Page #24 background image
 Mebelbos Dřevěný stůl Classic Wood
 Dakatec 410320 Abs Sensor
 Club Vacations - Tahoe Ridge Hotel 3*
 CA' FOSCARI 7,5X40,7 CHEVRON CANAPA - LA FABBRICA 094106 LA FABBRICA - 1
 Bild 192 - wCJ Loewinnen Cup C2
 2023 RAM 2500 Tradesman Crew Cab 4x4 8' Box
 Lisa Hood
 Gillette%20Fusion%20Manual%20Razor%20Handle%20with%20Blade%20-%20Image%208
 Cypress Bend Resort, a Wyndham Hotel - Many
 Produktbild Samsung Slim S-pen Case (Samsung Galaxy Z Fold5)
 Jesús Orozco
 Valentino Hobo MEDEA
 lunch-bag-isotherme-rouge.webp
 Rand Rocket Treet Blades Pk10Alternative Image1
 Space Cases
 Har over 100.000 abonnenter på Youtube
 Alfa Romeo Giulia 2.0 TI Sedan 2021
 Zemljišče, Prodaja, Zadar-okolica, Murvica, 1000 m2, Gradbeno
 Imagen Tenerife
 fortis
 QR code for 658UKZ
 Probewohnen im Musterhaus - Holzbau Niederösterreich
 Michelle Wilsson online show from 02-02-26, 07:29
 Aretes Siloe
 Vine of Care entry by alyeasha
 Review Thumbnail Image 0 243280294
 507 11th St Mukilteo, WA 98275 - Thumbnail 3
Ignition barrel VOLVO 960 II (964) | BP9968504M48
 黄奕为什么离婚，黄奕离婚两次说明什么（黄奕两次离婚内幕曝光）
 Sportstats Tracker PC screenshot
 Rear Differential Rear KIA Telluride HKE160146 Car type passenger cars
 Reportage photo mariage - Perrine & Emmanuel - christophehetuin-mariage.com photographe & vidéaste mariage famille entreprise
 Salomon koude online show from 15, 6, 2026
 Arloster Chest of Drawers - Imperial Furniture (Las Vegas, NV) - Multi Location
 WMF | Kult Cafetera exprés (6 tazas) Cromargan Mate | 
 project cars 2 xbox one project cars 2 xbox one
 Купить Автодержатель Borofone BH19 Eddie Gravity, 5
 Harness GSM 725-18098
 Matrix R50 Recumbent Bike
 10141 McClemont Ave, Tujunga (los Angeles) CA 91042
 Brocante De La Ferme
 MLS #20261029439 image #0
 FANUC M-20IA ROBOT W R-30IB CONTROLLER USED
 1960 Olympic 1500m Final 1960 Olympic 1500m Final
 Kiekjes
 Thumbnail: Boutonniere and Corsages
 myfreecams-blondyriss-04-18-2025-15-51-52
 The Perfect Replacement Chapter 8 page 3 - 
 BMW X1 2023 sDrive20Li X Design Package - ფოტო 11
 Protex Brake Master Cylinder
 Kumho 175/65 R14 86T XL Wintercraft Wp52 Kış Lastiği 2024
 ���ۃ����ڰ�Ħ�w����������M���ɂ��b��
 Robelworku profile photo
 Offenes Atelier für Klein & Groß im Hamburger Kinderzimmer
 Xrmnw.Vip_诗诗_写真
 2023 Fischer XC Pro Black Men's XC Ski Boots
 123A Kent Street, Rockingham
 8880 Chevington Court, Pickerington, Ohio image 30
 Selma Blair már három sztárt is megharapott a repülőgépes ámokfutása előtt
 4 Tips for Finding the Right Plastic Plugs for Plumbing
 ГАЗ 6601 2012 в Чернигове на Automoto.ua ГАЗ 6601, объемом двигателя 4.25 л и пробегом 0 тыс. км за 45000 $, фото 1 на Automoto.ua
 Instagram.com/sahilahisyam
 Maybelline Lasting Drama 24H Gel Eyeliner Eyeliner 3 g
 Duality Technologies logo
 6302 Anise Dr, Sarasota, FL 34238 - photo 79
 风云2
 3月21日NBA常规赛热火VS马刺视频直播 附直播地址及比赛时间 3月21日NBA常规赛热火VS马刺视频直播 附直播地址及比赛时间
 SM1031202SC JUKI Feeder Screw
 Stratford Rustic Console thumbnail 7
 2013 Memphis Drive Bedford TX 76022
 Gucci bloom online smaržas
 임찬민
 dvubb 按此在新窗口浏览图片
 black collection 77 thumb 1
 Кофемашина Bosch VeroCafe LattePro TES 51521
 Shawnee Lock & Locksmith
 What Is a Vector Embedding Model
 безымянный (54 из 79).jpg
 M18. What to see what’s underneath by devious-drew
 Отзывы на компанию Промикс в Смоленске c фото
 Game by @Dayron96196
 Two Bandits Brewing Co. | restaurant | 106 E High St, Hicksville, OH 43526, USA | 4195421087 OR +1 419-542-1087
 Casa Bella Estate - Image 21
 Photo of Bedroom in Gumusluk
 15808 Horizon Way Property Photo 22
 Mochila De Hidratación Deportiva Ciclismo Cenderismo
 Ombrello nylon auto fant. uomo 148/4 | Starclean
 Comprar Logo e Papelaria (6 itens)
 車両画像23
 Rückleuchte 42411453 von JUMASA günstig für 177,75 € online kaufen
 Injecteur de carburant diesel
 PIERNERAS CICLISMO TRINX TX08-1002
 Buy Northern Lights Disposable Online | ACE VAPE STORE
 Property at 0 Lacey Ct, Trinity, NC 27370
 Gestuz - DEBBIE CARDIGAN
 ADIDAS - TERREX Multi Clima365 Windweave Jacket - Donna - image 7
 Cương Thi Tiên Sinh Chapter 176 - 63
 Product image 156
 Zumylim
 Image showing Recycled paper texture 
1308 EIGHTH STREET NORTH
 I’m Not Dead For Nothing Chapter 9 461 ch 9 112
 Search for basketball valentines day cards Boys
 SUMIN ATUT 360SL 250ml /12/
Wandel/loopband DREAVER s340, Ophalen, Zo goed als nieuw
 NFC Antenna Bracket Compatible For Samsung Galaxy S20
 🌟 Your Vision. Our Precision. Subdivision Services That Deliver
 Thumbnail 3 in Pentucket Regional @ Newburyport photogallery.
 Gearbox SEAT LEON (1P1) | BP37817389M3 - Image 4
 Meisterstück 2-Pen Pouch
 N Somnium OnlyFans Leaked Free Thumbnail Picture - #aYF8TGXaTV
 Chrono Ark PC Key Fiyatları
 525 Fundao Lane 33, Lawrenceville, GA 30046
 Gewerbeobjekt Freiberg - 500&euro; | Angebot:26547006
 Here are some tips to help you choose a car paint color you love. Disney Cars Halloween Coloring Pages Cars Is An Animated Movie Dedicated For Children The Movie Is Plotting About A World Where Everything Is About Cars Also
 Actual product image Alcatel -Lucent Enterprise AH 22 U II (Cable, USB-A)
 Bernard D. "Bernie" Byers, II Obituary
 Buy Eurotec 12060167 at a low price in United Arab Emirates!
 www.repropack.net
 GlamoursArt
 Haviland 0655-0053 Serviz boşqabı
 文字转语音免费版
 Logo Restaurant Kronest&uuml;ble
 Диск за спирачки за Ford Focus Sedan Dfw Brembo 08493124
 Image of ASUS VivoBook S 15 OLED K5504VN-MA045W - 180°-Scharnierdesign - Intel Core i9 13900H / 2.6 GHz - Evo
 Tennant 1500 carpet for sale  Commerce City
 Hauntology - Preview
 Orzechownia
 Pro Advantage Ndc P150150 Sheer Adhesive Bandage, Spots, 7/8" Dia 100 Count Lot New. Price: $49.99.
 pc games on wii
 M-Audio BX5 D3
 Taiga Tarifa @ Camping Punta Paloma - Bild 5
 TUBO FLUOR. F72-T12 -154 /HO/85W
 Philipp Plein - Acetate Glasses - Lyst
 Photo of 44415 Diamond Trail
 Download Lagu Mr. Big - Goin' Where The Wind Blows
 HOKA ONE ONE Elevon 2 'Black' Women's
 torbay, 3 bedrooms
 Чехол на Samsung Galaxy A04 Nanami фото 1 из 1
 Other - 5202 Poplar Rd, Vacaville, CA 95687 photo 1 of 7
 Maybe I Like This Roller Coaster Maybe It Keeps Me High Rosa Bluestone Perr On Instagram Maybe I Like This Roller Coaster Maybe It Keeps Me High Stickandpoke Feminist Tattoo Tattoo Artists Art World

======

## What to produce
Each line of the records, from the opening one through the line holding "Probewohnen im Musterhaus", should be restated word for word, with nothing else in the answer.

## Answer for the task
Page #24 background image
 Mebelbos Dřevěný stůl Classic Wood
 Dakatec 410320 Abs Sensor
 Club Vacations - Tahoe Ridge Hotel 3*
 CA' FOSCARI 7,5X40,7 CHEVRON CANAPA - LA FABBRICA 094106 LA FABBRICA - 1
 Bild 192 - wCJ Loewinnen Cup C2
 2023 RAM 2500 Tradesman Crew Cab 4x4 8' Box
 Lisa Hood
 Gillette%20Fusion%20Manual%20Razor%20Handle%20with%20Blade%20-%20Image%208
 Cypress Bend Resort, a Wyndham Hotel - Many
 Produktbild Samsung Slim S-pen Case (Samsung Galaxy Z Fold5)
 Jesús Orozco
 Valentino Hobo MEDEA
 lunch-bag-isotherme-rouge.webp
 Rand Rocket Treet Blades Pk10Alternative Image1
 Space Cases
 Har over 100.000 abonnenter på Youtube
 Alfa Romeo Giulia 2.0 TI Sedan 2021
 Zemljišče, Prodaja, Zadar-okolica, Murvica, 1000 m2, Gradbeno
 Imagen Tenerife
 fortis
 QR code for 658UKZ
 Probewohnen im Musterhaus - Holzbau Niederösterreich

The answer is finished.